KULTUR

Lustvoll hassen

Sarah Wetzlmayr

Markus Lust, Chefredakteur von VICE Österreich beschreibt in seinem Buch „111 Gründe Wien zu hassen“, wieso Selbsthass und Selbstüberschätzung zu den wichtigsten Bestandteilen des Wiener Blutkreislaufes zählen.

Man sagt ja, Hass und Liebe lägen extrem nah beieinander – wie siehst du das?

Auf jeden Fall. Als ich zum Beispiel mit dem Rauchen aufgehört habe, war mir am wichtigsten, nicht zum militanten Nichtraucher zu werden, weil man so am schnellsten wieder reinkippt. Wenn man etwas hinter sich lassen will, muss es einem egal werden. Das gilt auch bei Beziehungen und Städten. Ich glaube, die Wiener wissen das eigentlich, tun sich aber mit der Umsetzung schwer.

Ist Wien eine Stadt, die man entweder hassen oder lieben muss?

Wien ist vor allem eine Stadt, die zuerst mal jemand öffentlich hassen muss, damit die anderen sie wieder lieben können. Ich habe nie so viel glühende Wien-Verehrung in den Comments gelesen, wie nach dem VICE-Artikel „Gründe, warum Wien die beschissenste Stadt der Welt ist“, der ja auch der Ausgangspunkt für das Buch war. Ich fand die Aufregung damals irgendwie lustig, weil Wiener sonst ja nie gut über Wien reden – bis ihnen so ein Zugereister ihr Wien madig redet. Wenn der Slogan der Stadt wirklich das Lebensgefühl der Wiener treffen soll, müsste es nicht „Wien ist anders“, sondern „Wien: Muss es auch geben“ heißen.
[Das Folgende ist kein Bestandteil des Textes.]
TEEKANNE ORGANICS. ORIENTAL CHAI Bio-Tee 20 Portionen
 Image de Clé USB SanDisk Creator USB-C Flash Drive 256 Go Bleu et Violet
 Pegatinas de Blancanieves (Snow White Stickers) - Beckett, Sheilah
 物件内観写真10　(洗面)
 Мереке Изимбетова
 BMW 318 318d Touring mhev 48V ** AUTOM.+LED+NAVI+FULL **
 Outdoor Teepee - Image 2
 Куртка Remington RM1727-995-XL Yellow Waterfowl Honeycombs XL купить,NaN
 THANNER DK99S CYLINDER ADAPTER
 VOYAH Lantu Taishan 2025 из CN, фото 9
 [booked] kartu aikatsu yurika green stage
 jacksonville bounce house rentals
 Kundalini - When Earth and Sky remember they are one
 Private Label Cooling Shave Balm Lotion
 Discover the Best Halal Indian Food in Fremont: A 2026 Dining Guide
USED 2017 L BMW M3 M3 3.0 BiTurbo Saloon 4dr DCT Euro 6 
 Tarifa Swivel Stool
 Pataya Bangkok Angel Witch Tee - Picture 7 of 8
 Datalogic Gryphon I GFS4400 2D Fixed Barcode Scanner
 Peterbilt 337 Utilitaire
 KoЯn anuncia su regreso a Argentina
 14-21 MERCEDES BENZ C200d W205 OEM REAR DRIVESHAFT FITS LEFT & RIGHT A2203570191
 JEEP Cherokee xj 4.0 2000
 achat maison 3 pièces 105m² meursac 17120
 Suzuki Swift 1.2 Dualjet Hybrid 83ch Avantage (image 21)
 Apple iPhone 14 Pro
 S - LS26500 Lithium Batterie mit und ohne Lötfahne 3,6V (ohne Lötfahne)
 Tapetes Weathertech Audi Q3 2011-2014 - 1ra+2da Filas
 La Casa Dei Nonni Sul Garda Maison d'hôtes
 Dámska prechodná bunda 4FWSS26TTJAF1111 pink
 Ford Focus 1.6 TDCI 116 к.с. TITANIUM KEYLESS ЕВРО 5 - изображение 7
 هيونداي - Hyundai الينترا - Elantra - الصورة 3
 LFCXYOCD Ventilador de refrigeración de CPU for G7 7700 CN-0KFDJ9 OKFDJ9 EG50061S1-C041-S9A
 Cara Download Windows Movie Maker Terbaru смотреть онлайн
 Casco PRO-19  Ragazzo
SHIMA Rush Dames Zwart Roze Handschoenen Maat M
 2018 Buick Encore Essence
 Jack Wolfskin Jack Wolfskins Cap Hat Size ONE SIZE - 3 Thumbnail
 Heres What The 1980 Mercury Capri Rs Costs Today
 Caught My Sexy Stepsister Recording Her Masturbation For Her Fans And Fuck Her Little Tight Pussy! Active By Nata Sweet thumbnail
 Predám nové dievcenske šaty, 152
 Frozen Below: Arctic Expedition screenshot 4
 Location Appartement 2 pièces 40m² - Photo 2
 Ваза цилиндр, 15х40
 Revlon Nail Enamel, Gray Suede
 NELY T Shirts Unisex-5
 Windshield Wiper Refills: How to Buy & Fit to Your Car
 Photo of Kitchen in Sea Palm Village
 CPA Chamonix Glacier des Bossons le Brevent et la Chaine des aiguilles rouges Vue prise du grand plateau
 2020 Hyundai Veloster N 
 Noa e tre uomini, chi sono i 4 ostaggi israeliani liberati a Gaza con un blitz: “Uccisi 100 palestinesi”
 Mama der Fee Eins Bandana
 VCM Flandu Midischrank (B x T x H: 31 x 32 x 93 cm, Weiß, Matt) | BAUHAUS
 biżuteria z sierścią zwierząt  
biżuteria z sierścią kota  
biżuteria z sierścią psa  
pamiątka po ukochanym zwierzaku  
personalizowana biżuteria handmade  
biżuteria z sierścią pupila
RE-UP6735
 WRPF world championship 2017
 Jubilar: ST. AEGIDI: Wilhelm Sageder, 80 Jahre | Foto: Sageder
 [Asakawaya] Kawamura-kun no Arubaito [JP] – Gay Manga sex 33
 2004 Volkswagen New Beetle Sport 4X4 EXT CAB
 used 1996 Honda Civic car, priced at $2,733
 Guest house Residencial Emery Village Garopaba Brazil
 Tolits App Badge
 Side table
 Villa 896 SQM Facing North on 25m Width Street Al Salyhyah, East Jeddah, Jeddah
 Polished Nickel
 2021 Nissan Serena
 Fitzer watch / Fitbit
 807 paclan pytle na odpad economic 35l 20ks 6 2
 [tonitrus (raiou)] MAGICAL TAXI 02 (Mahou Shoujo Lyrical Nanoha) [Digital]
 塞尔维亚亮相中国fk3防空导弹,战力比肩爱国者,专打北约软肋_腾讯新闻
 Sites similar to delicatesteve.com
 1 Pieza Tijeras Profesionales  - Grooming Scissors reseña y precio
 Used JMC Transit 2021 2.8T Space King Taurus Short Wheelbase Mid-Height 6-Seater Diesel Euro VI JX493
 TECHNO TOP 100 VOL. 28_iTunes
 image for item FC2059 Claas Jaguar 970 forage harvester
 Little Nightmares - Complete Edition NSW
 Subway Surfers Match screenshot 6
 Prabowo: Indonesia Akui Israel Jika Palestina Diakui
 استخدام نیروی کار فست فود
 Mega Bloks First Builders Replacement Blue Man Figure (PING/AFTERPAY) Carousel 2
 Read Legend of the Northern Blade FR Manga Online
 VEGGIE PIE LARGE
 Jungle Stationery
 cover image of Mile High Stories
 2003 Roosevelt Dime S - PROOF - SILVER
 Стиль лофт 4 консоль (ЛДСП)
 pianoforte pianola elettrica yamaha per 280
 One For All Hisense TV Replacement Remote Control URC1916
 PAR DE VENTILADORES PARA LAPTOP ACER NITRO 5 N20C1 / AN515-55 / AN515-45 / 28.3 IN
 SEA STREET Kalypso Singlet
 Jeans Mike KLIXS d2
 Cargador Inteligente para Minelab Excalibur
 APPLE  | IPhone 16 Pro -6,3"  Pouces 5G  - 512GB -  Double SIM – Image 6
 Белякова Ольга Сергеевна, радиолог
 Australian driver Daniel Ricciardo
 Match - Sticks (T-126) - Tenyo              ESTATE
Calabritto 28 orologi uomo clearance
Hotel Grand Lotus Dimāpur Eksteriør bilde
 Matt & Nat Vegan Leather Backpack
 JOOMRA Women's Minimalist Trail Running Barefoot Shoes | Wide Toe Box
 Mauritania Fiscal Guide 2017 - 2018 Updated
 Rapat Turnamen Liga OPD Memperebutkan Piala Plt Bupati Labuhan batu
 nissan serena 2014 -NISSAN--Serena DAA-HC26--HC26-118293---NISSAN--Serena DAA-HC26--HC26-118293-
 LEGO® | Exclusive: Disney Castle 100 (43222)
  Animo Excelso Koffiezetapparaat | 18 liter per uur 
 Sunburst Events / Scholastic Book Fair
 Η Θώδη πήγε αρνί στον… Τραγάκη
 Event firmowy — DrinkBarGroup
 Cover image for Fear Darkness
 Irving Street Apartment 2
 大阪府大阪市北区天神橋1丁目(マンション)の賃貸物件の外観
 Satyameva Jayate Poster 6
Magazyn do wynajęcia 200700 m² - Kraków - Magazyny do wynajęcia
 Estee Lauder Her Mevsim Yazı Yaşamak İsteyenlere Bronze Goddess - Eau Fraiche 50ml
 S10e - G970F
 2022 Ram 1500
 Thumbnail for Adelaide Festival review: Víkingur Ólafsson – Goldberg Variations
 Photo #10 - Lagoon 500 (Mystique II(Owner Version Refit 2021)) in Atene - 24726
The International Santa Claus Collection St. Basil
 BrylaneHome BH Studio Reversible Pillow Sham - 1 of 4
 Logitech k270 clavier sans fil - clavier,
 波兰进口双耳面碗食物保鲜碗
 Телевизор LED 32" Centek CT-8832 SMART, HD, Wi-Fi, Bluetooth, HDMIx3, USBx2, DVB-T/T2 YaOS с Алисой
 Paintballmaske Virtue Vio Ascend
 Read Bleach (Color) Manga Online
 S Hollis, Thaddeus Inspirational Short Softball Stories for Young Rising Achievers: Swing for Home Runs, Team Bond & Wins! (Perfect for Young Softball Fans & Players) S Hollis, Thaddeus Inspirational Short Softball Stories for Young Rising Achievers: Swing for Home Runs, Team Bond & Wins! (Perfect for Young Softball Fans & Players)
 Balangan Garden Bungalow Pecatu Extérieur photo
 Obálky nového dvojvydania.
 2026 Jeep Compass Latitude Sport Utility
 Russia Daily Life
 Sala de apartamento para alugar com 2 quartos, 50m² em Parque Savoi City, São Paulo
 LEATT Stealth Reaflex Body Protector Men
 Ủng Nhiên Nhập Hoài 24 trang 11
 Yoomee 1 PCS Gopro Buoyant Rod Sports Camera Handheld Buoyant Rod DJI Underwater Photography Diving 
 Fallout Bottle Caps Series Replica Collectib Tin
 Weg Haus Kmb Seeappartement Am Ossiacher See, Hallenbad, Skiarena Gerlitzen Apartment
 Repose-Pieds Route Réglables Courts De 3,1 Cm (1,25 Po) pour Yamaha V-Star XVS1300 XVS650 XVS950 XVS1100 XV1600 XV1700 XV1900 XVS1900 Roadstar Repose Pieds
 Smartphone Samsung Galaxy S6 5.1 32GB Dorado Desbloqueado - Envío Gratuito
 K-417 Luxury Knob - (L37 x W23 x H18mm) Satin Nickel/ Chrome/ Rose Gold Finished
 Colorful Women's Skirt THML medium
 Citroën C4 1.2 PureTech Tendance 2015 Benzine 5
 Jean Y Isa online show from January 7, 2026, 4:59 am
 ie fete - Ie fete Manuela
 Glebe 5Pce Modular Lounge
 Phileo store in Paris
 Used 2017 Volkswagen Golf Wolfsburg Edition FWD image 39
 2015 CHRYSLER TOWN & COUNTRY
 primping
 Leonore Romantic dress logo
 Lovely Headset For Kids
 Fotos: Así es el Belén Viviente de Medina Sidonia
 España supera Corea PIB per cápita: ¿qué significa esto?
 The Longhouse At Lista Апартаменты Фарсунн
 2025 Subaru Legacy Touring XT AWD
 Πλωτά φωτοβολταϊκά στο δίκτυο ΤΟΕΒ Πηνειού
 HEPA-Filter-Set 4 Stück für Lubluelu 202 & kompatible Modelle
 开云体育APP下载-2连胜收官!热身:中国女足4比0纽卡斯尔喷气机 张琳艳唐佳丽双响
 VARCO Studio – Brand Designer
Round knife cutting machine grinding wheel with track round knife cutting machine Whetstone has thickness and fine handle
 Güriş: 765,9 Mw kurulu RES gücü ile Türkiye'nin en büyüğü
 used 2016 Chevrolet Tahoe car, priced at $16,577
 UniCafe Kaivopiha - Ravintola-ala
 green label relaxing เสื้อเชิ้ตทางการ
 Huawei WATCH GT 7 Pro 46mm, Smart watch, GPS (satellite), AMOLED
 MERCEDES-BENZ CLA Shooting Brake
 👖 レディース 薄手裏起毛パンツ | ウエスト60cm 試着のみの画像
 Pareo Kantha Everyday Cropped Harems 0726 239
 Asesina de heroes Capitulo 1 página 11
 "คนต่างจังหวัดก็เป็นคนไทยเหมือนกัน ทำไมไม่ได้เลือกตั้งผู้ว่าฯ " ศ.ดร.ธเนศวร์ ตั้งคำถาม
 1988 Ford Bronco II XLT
Hat dich ein akuter Anfall von Hass dazu bewogen das Buch zu schreiben?

Mit dem Bücher schreiben ist es wie mit ordnungsgemäß versperrten Waffen: Beides eignet sich nicht wirklich gut für akute Anfälle. Bis man seine Waffe aus dem Safe geholt und geladen hat, ist der Affekt meistens schon wieder vorbei oder der Einbrecher längst geflohen – was auch die Diskussion über Waffen zur Selbstverteidigung so absurd macht, aber egal. Mit dem Schreiben ist es ähnlich: Zwischen dem ersten in die Tasten hauen und dem fertigen Buch vergehen schon mal gern zehn Monate. Wenn man ein Ventil für akute Zustände braucht, bietet sich Facebook wahrscheinlich besser an.

Ist Tom Turbo einer der 111 Hass-Gründe?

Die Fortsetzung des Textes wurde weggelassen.